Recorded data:
___

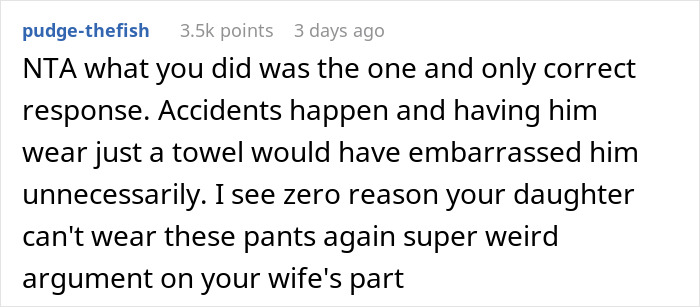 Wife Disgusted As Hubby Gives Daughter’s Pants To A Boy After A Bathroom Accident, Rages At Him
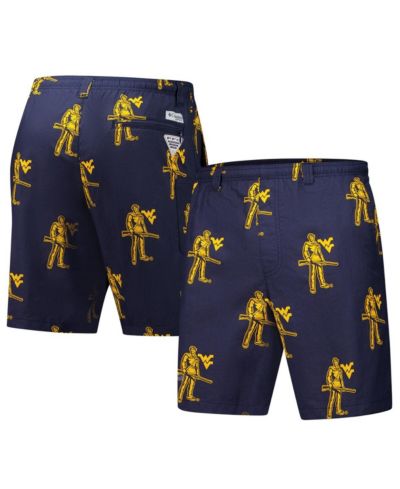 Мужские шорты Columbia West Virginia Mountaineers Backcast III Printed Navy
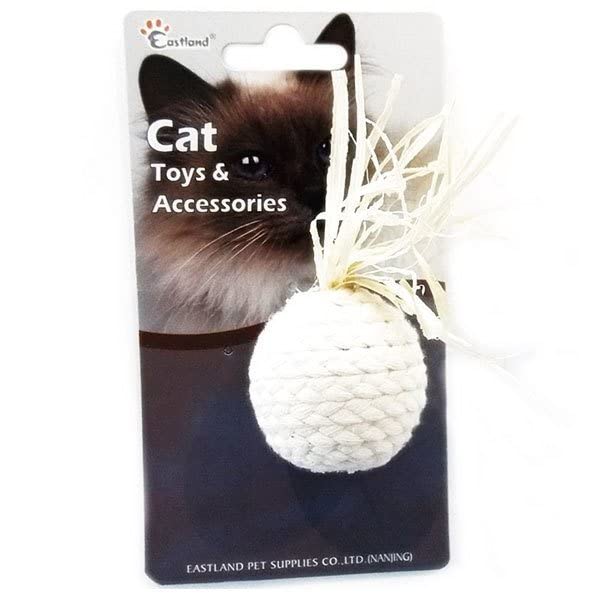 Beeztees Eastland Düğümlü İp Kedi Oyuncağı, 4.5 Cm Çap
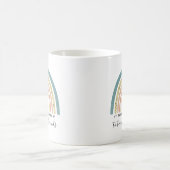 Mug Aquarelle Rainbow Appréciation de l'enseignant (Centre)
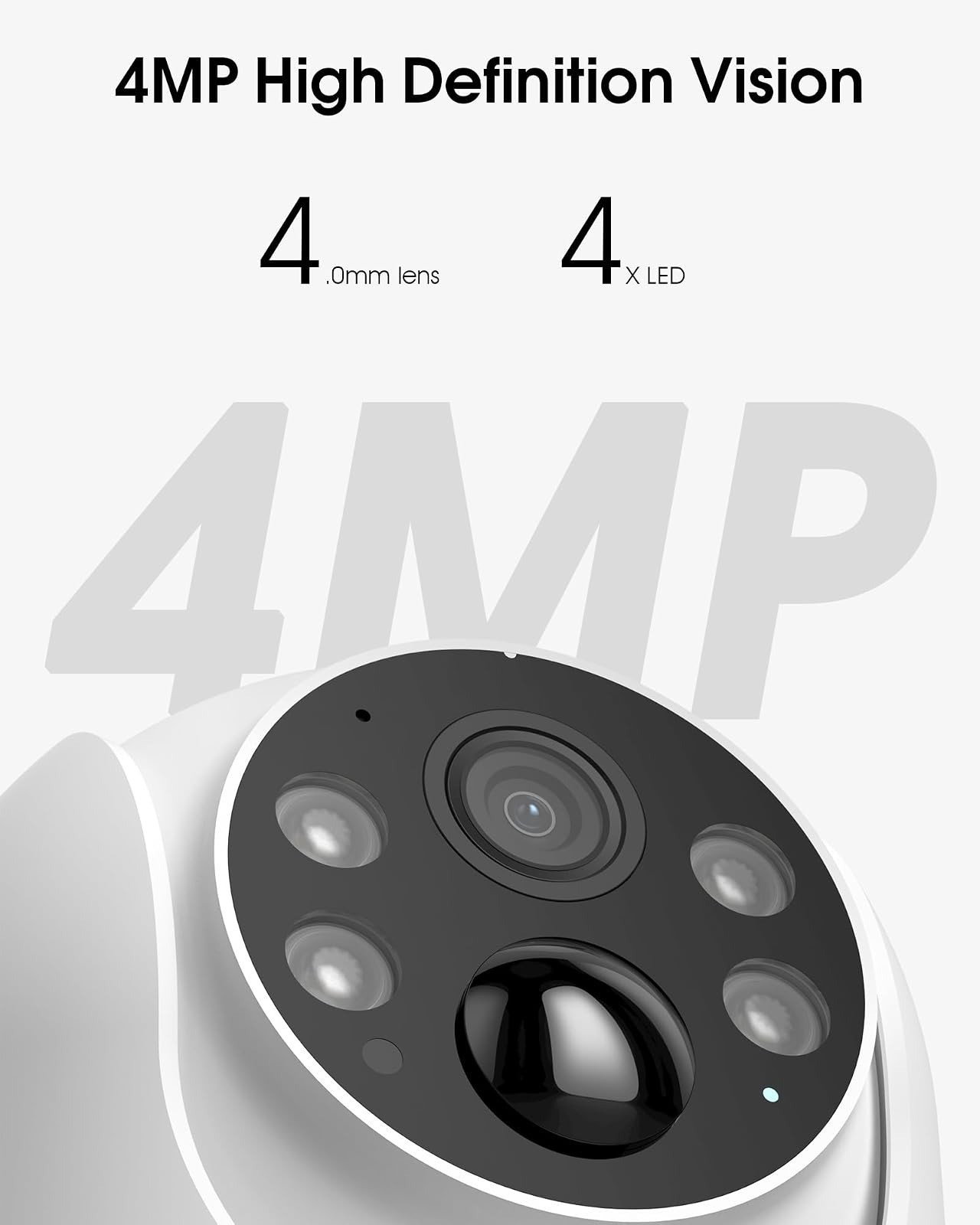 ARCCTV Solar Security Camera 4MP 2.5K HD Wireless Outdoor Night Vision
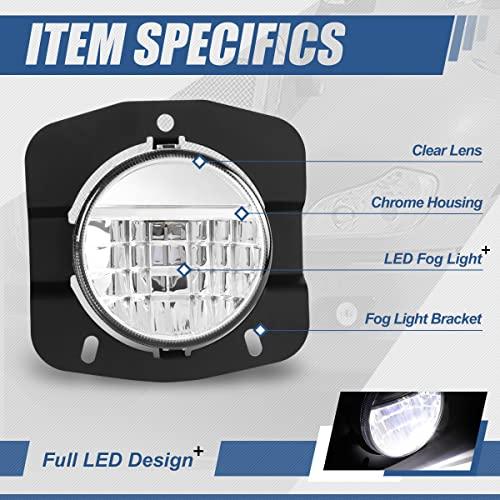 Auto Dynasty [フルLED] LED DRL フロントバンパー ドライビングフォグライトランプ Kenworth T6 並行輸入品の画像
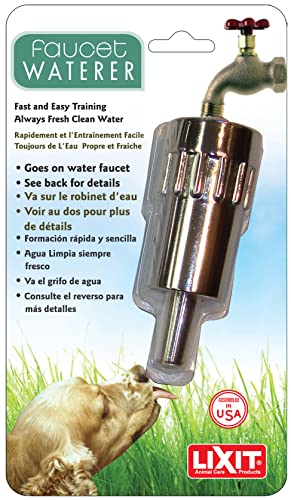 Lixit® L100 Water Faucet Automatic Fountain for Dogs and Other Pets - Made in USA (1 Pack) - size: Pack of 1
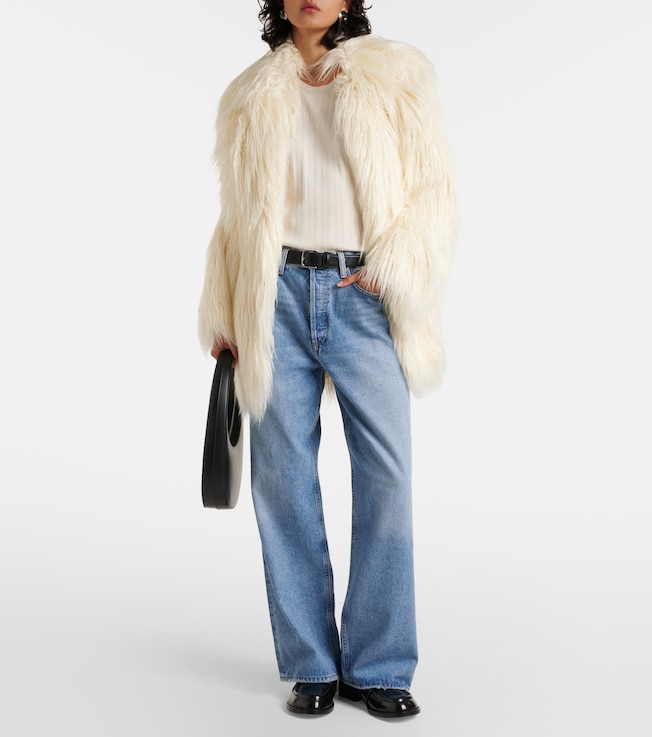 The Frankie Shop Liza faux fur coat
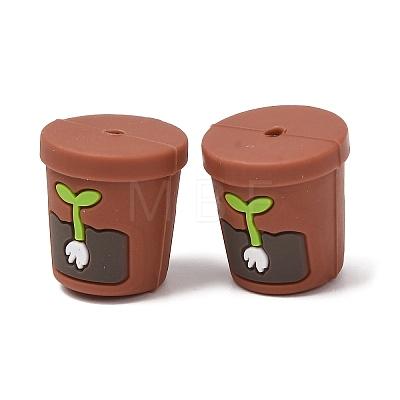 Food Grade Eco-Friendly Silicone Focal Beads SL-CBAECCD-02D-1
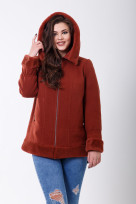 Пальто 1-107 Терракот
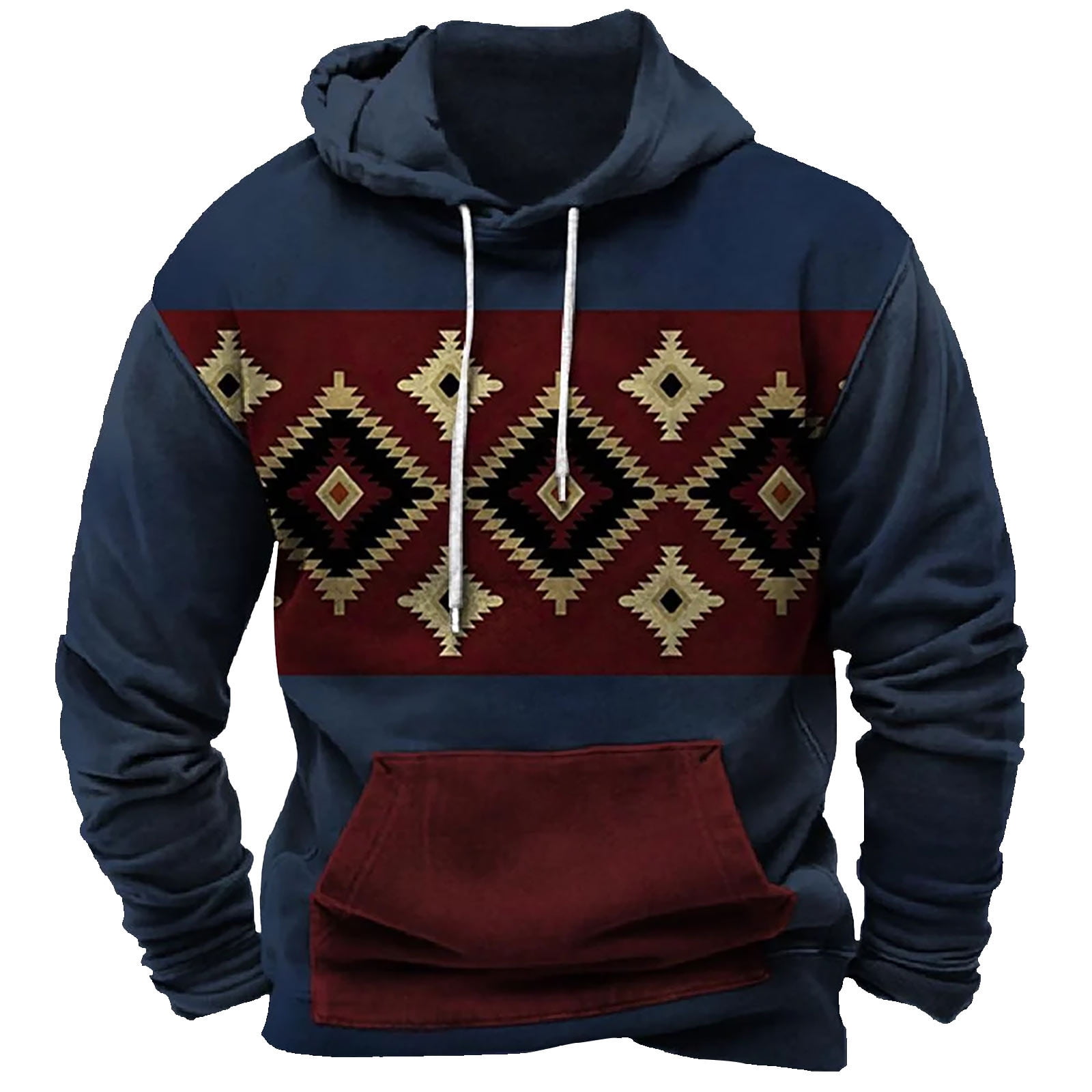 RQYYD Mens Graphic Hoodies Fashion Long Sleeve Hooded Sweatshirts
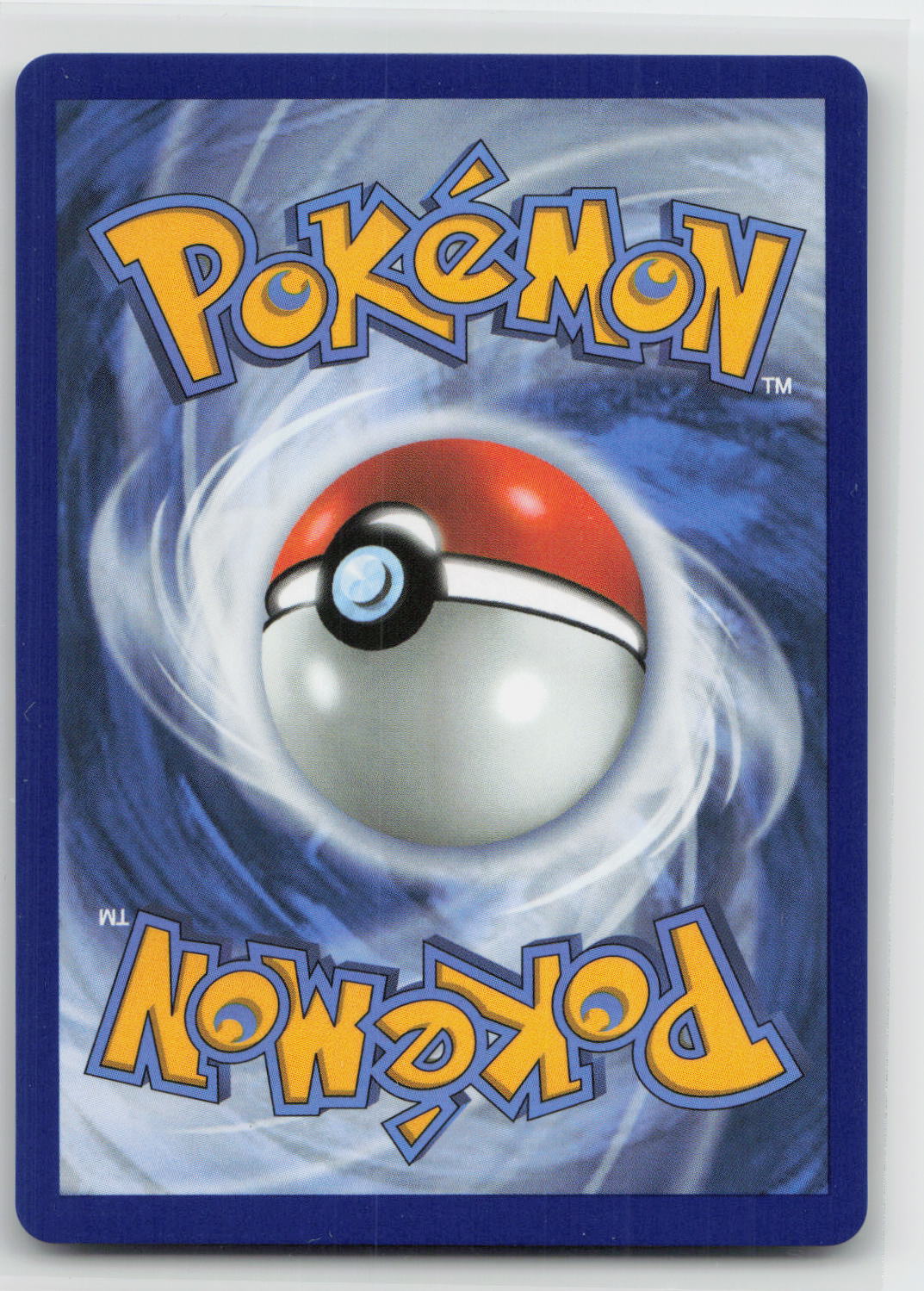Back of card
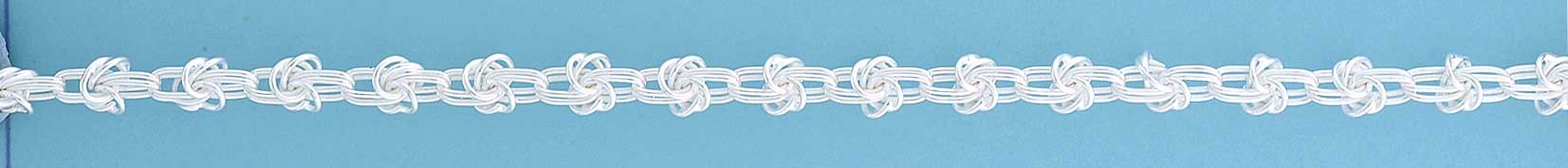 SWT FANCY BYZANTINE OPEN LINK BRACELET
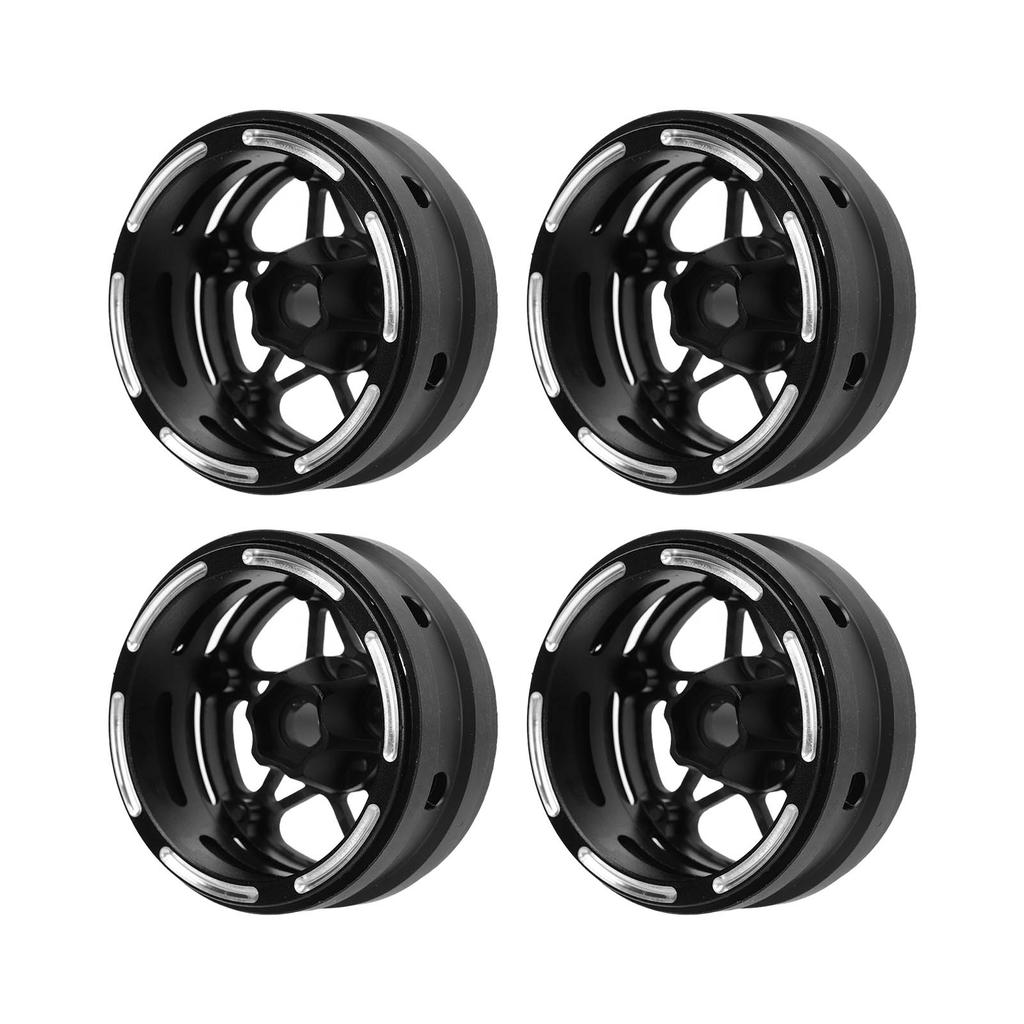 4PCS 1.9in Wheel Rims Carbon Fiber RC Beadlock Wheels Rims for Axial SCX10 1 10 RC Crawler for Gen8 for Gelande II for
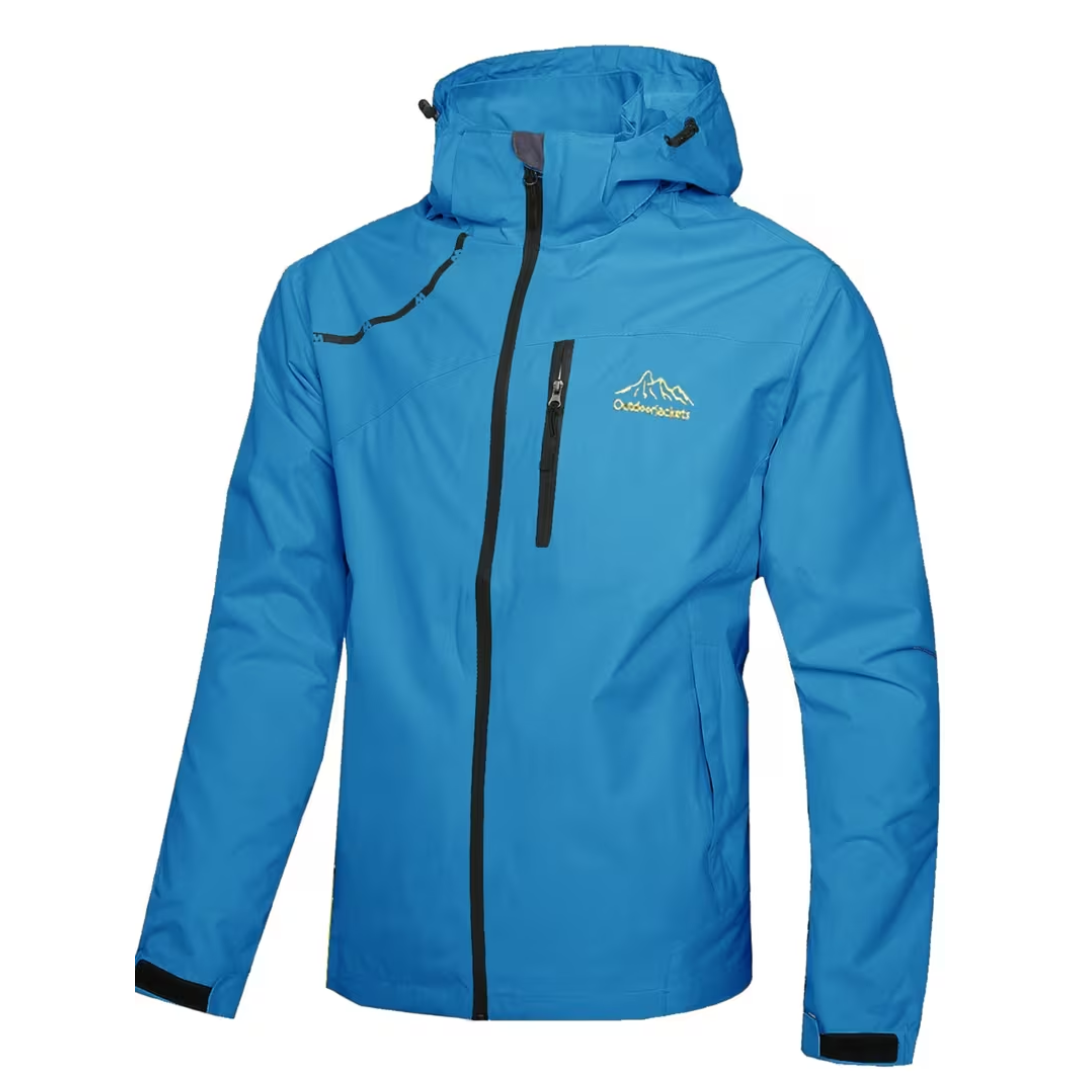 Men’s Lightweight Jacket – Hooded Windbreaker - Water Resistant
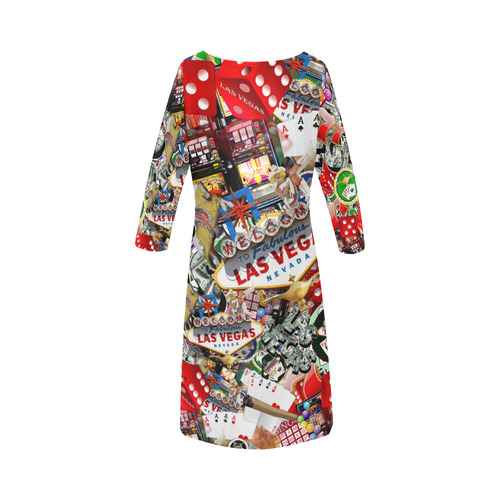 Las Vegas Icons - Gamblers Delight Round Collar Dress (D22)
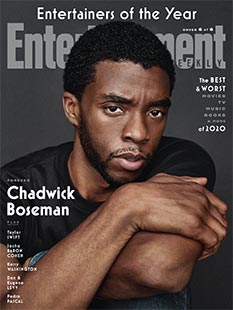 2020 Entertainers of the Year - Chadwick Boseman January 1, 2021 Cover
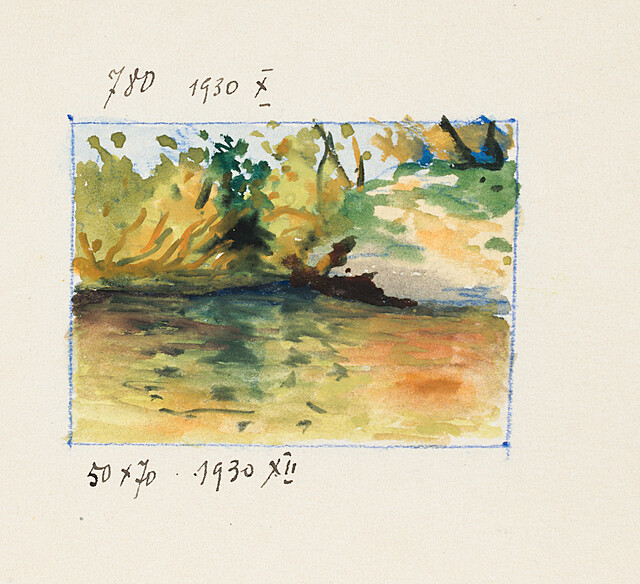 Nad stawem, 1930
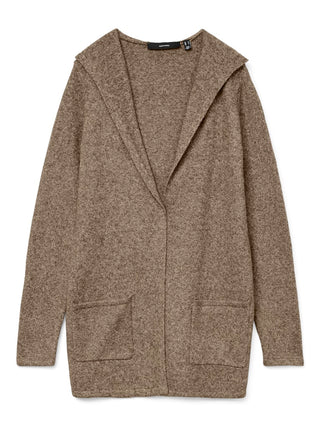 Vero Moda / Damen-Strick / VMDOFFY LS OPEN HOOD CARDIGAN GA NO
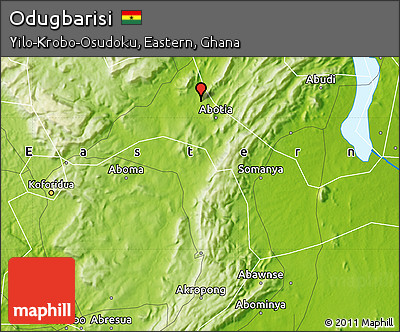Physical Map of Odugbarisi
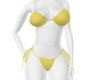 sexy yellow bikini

___

> **Problem statement**: Your copy should match the records above exactly, except that it contains no pictures.

> **Reply to the task**:
 Wife Disgusted As Hubby Gives Daughter’s Pants To A Boy After A Bathroom Accident, Rages At Him
 Мужские шорты Columbia West Virginia Mountaineers Backcast III Printed Navy
 Beeztees Eastland Düğümlü İp Kedi Oyuncağı, 4.5 Cm Çap
 Mug Aquarelle Rainbow Appréciation de l'enseignant (Centre)
 ARCCTV Solar Security Camera 4MP 2.5K HD Wireless Outdoor Night Vision
 Auto Dynasty [フルLED] LED DRL フロントバンパー ドライビングフォグライトランプ Kenworth T6 並行輸入品の画像
 Lixit® L100 Water Faucet Automatic Fountain for Dogs and Other Pets - Made in USA (1 Pack) - size: Pack of 1
 The Frankie Shop Liza faux fur coat
 Food Grade Eco-Friendly Silicone Focal Beads SL-CBAECCD-02D-1
 Пальто 1-107 Терракот
 RQYYD Mens Graphic Hoodies Fashion Long Sleeve Hooded Sweatshirts
Back of card
 SWT FANCY BYZANTINE OPEN LINK BRACELET
 4PCS 1.9in Wheel Rims Carbon Fiber RC Beadlock Wheels Rims for Axial SCX10 1 10 RC Crawler for Gen8 for Gelande II for
 Men’s Lightweight Jacket – Hooded Windbreaker - Water Resistant
 Las Vegas Icons - Gamblers Delight Round Collar Dress (D22)
 2020 Entertainers of the Year - Chadwick Boseman January 1, 2021 Cover
 Nad stawem, 1930
 Vero Moda / Damen-Strick / VMDOFFY LS OPEN HOOD CARDIGAN GA NO
Physical Map of Odugbarisi
 sexy yellow bikini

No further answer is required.